This article describes the new work taken over by NeurIPS21[1] exploring a completely new problem in a common setting. The author's team proposes a new learning method, based on the graph structure formed by the relationship between features and samples.
Using known feature representations (embedding) to extrapolate the representation of new features, the model can be generalized to the data containing the new feature without retraining.
The relevant problem definitions and methods are applicable to many specific applications.

论文题目:Towards Open-World Feature Extrapolation: An Inductive Graph Learning Approach
Author:Qitian Wu, Chenxiao Yang, Junchi Yan (Shanghai Jiao Tong University)
Thesis link: https://arxiv.org/pdf/2110.04514.pdf
I. Motivation:
Definition and importance of feature extrapolation problems
Most current machine learning tasks typically assume that training data shares a feature space with test data.
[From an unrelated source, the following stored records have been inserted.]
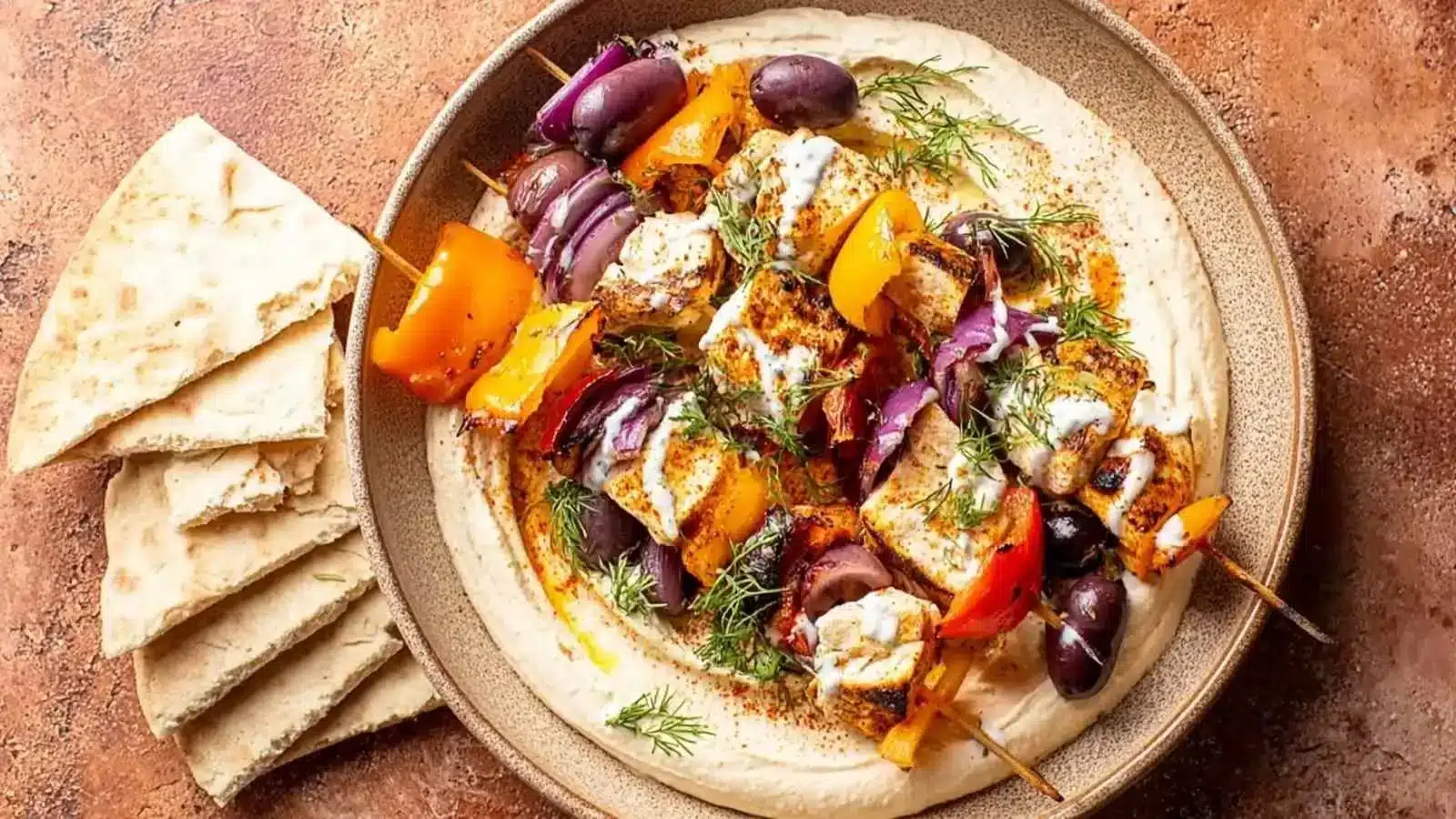 Delicious Chicken Souvlaki served with fresh vegetables and tzatziki sauce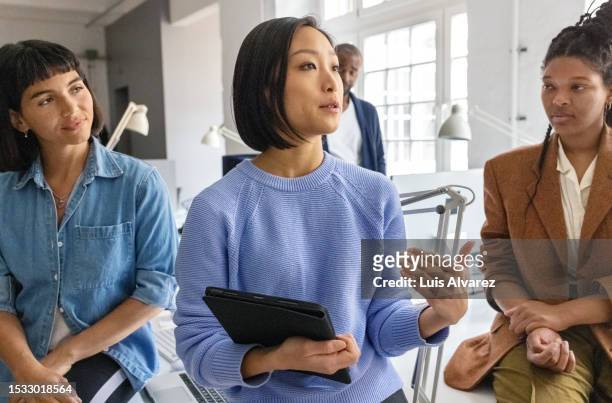 asian woman having meeting with group of colleagues at startup office - developer stock pictures, royalty-free photos & images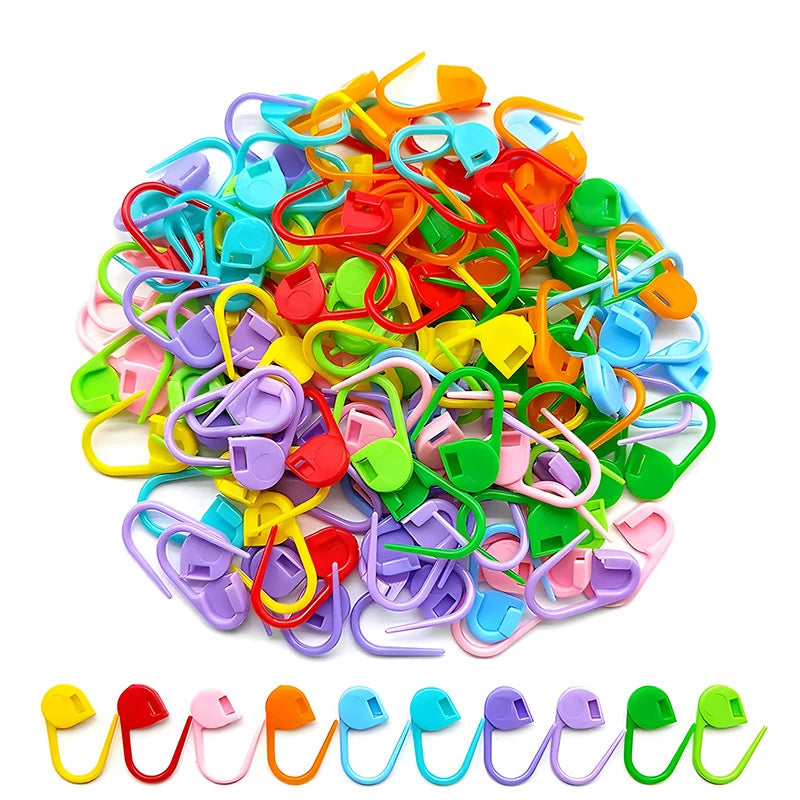 A pile of colorful stitch markers in various shapes and colors for knitting and crochet projects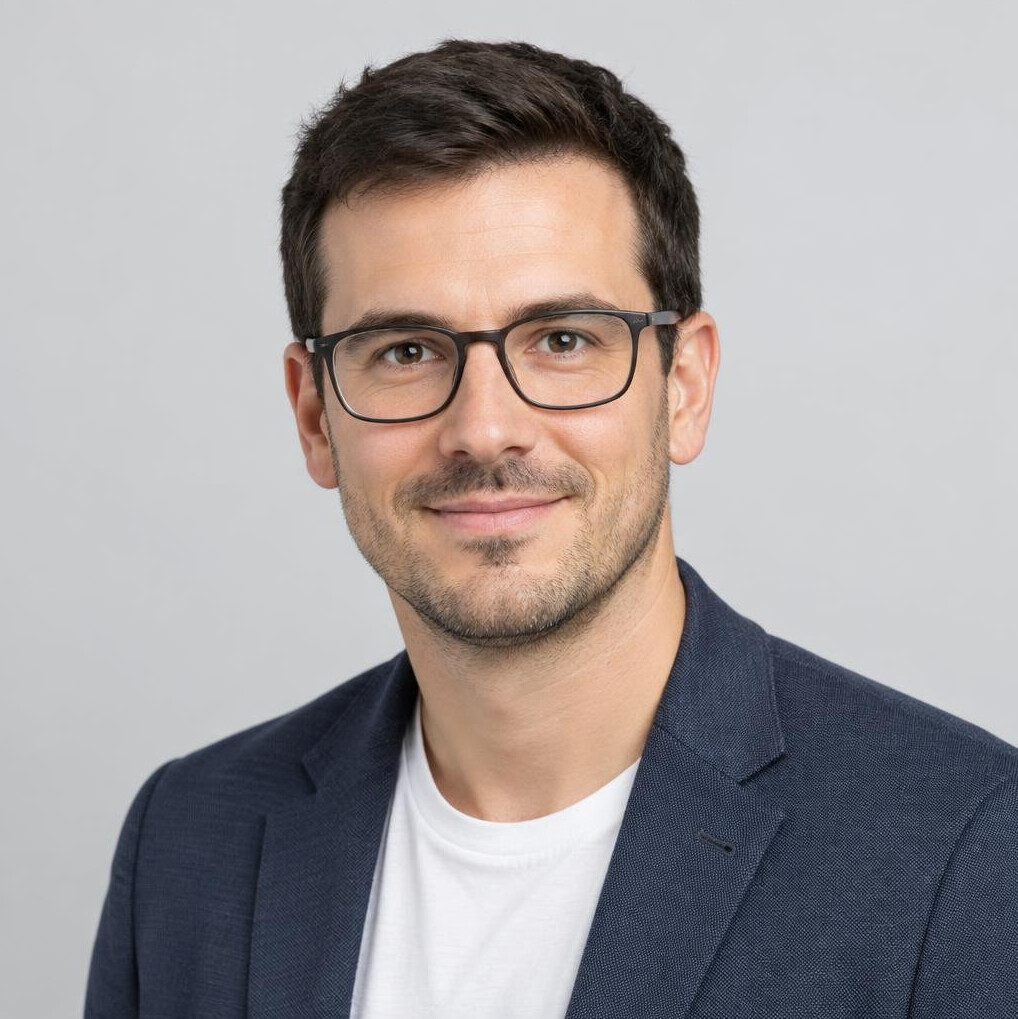 Studio portrait of a Swiss man data journalist in his thirties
In practice, however, the trained model often needs to interact with an open environment, and new features will emerge in the test set. For example, the recommendation system uses the user's age, occupation and other characteristics to train a recommendation model, and then the company released a new application and collected new user data, which requires the use of new user characteristics to make decisions.
The following figure gives an intuitive illustration, we consider that the training data is inconsistent with the feature dimension of the test data (the latter is the expansion of the former), in this case if we directly migrate the trained neural network to the test set, because the neurons corresponding to the new feature dimension are not trained, the test performance of the network will be greatly degraded, and it takes a lot of computational resources to re-train a neural network on the dataset containing the new features. This paper proposes a new learning method, based on the graph structure formed by the relationship between features and samples, using known feature representations (embedding) to extrapolate the representation of new features, and the model can be generalized to the data containing new features without retraining.
We represent the first data sample as a one-hot representation vector representing the first feature (a common representation of discrete features, continuous features can be discretized before being represented as one-hot vectors), where there are a common feature. The following is a mathematical definition of the open-world feature extrapolation problem:
Given the training data where , we need to train a classifier so that it can be generalized to the test data where , . Notice that here we assume:
1. The training set feature space is contained in the test set feature space, that is;
2. The training set shares the same output space as the test set.
2. Important observations
Solving the above problems directly is difficult because the training phase knows nothing about the additional feature information in the test data (including the number and distribution of features is not visible). However, this article makes two important observations that can lead to a reasonable solution.
First, the neural network classifier can be decomposed into two cascading submodules, namely the feature embedding layer and the classifier layer (as shown in Figure (a) below). The embedding layer here can be thought of as a feature epimediting dictionary, each line is a feature epimediting, it finds the corresponding embedding for each non-0 feature in the input vector, and then makes a sum pooling aggregation of all the returned features, and obtains the hidden vector of the middle layer for the feed-forward computation of the next classifier layer. The sum pooling operation here is permutation-invariant for feature dimensions[2]. The so-called permutation invariance means that when the position of each element of the input is exchanged, the output remains unchanged.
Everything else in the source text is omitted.